I know this is a ‘tenderfoot’ question but…what does the term “Heavy” mean?


#2

It is attached after the callsign for aircraft over a certain MTOW, to warn following craft of wake turbulence. It is used only in the US as far as I know.

I believe it’s somewhere in the 250,000 lb range.


#3

I figured it had something to do with plane size/weight…but never thought about wake…thanks…


#4

a. Heavy− Aircraft capable of takeoff weights of
more than 255,000 pounds whether or not they are
operating at this weight during a particular phase of
flight.
b. Large− Aircraft of more than 41,000 pounds,
maximum certificated takeoff weight, up to 255,000
pounds.
c. Small− Aircraft of 41,000 pounds or less
maximum certificated takeoff weight.
d. Birds- Small wing-ed creatures ranging from a few ounces to 25 pounds or more that shall be avoided at all costs, regardless of their class distinction.
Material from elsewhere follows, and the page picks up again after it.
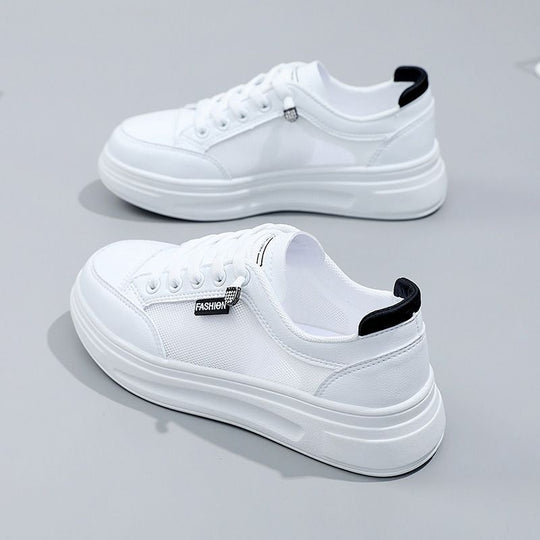 Damen Sportliche Sneakers mit komfortabler Dämpfung und modischem Design EB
-From the Aeronautical Information Manual, Pilot/Controller glossary. Some liberty has been taken in the transcription.-

-J-


#5

Although it doesn’t meet the definition of a Heavy, I believe the B757 is considered Heavy for the purposes of wake turbulence.


#6

B753 is a heavy, B752 is not, unless they’ve retrofitted it.


#7

Straight from Boeing:

The 757-200 takeoff weights range from 220,000 pounds (99,800 kilograms) up to a maximum of 255,000 pounds (115,660 kilograms) for greater payload or range.

So it can go right to that threshold, and I have heard the occasional 752 with the heavy designation.


#8

okay, B752 is not, unless they’ve customized it :wink: The default/majority configuration is in the non-heavy category (<250,000 MTW)


#9

At one time, ALL 757’s were categorized as heavy, even though they were under 255,000 pounds. Also, the heavy category use to be 300,000 pounds.


#10

[quote=“damiross”]

Right, due to the unusually high wake turbulence.


#11

Nope, we use the term in Canada as well


#12

Oh, ok, I just knew that the term wasn’t used in Europe. Thanks for the correction.


#13

You missed the manual’s category (e) also — often incorrectly referenced as a ‘microbird’.

e. Bugs- Miniaturized aviation equipment with internalized flight guidance system and a 6-point landing gear. Capable of refueling in flight, but may have a probe that scavenges fuel from other mobile systems. Bugs are often garaged in MS Windowed hangars and allegedly have been responsible for crashes of highly complex digital machines. Caution is advised around bugs at all times. Frequent hand-washing is also helpful.